Aunque inició este trabajo en 1993, tuvo un primer acercamiento desde tiempos de Pinochet. Como otras miles de personas, pidió ayuda a la Vicaría cuando su marido fue detenido de manera temporal.

“Yo hubiera soñado con trabajar en la Vicaría. Para mí trabajar en la fundación ha sido un regalo de Dios”.

Cuenta que la documentación ha sido fundamental para saldar cuentas pendientes. Gracias a ésta y al trabajo de la Comisión Nacional de Verdad y Reconciliación, muchas causas fueron reabiertas tras el retorno a la democracia.

Mientras operó, la mayor parte de los oficios de la Vicaría eran sobre detenidos y ejecutados. Hoy el 80% de las solicitudes se realiza por personas que la Comisión de Prisión Política y Tortura ha reconocido como víctimas. Esto les permite acogerse a beneficios reparatorios, como atención primaria en salud.

“También hay víctimas que vienen para recordar lo que pasó”, dice María Paz. Algunos quieren saber quién presentó un amparo para ayudarles. Otros para compartir su historia con sus nietos.

Recuerda a un hombre cuyo padre fue detenido en 1973. Al haber sido un hijo ilegítimo, no lo conoció ni tuvo acceso a los beneficios que consiguió su familia, pero cuando lo vio en fotos por primera vez, su mujer le dijo: “Se parece a nuestro hijo”.

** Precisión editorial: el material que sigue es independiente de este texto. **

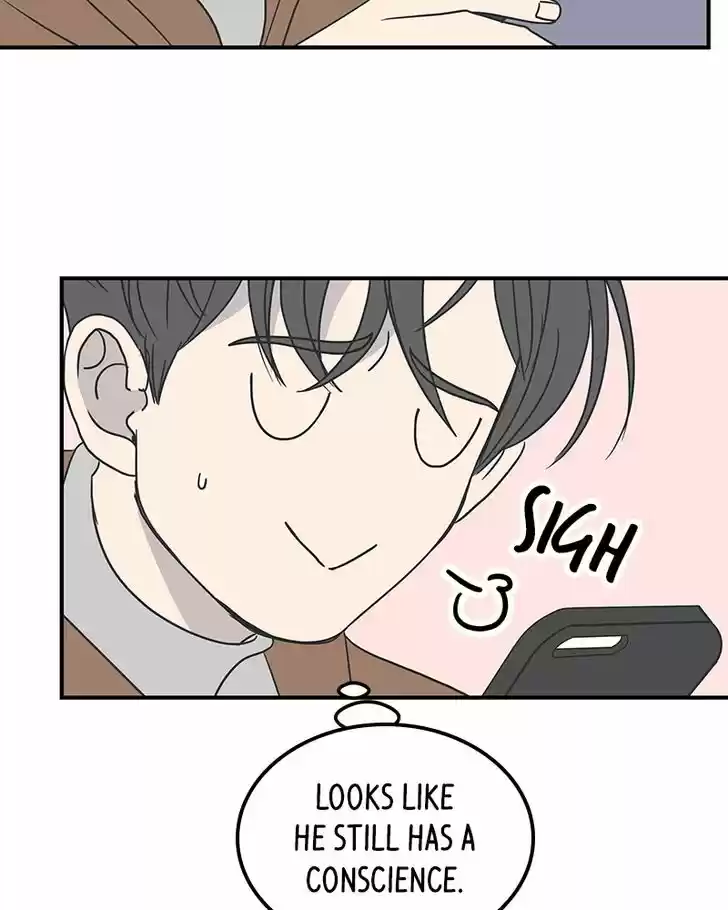 Read Romance 101 Manga Online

El archivo consta de un fondo jurídico, que guarda más de 85.000 documentos como amparos y procesos por muertes, secuestros o torturas; un fondo iconográfico, que consta de fotografías; la colección bibliográfica, que tiene material relacionado a los derechos fundamentales; la colección de revistas; la de recortes de prensa y la audiovisual, que se compone de filmes sobre derechos humanos.

“El archivo va dando cuenta de cómo se va comportando la represión”, dice María Paz. “Se va conformado según las necesidades de los documentos que es necesario generar”.

En los primeros expedientes se menciona, sobre todo, a detenidos. En los subsecuentes aparecen los desaparecidos y con el tiempo llegan los muertos. Uno puede encontrar declaraciones juradas de testigos que presenciaron detenciones, cartas de madres o esposas pidiendo explicar las capturas y las “fichas antropomórficas”, que empezaron a crearse en 1978 tras el descubrimiento de 15 cuerpos en Lonquén.

“Ahí se constata que los desaparecidos no solo existían, sino que habían sido asesinados y enterrados clandestinamente”, explica María Paz.

Las fichas antropomórficas se integraron con material que describe físicamente a una persona para identificarle en caso de hallar sus restos. Talla, peso, color de pelo y la ropa que llevaba al momento de la detención. Además incluyen radiografías, historiales clínicos, certificados de nacimiento y registros de colegios.

“El gobierno decía ‘esta persona no ha sido detenida’. Incluso llegó a decir que no tenían existencia legal”, cuenta María Paz. “El comité se preocupó de que hubiera documentos de respaldo que hicieran imposible negar los hechos”.

Según María Luisa Sepúlveda, la asistente social de la Vicaría, casi el 70% de las víctimas se registraron durante los primeros tres meses de la dictadura y eso es clave para comprender por qué la sociedad quedó tan golpeada. “Era todo el aparato del gobierno contra todo el aparato sindical, la radio, las organizaciones poblacionales. No se salvaba nadie”.

Aquella herida se arrastra porque Pinochet nunca fue sentenciado a prisión. Además, añade María Luisa, hay sectores que minimizan aquel periodo. “La derecha, el poder económico... Nunca han querido reconocer la gravedad del golpe ni de las violaciones a los derechos humanos. Siempre que uno trata de avanzar en verdad, en justicia, ellos dicen ‘olvidemos’”.

Para miles, como ella, es imposible. “Me habría gustado que estos 50 años hubieran sido distintos, que la sociedad hubiera entendido la necesidad de haber tenido un compromiso real con los derechos humanos y la democracia, que el golpe hubiera sido rechazado mayoritariamente por la sociedad”.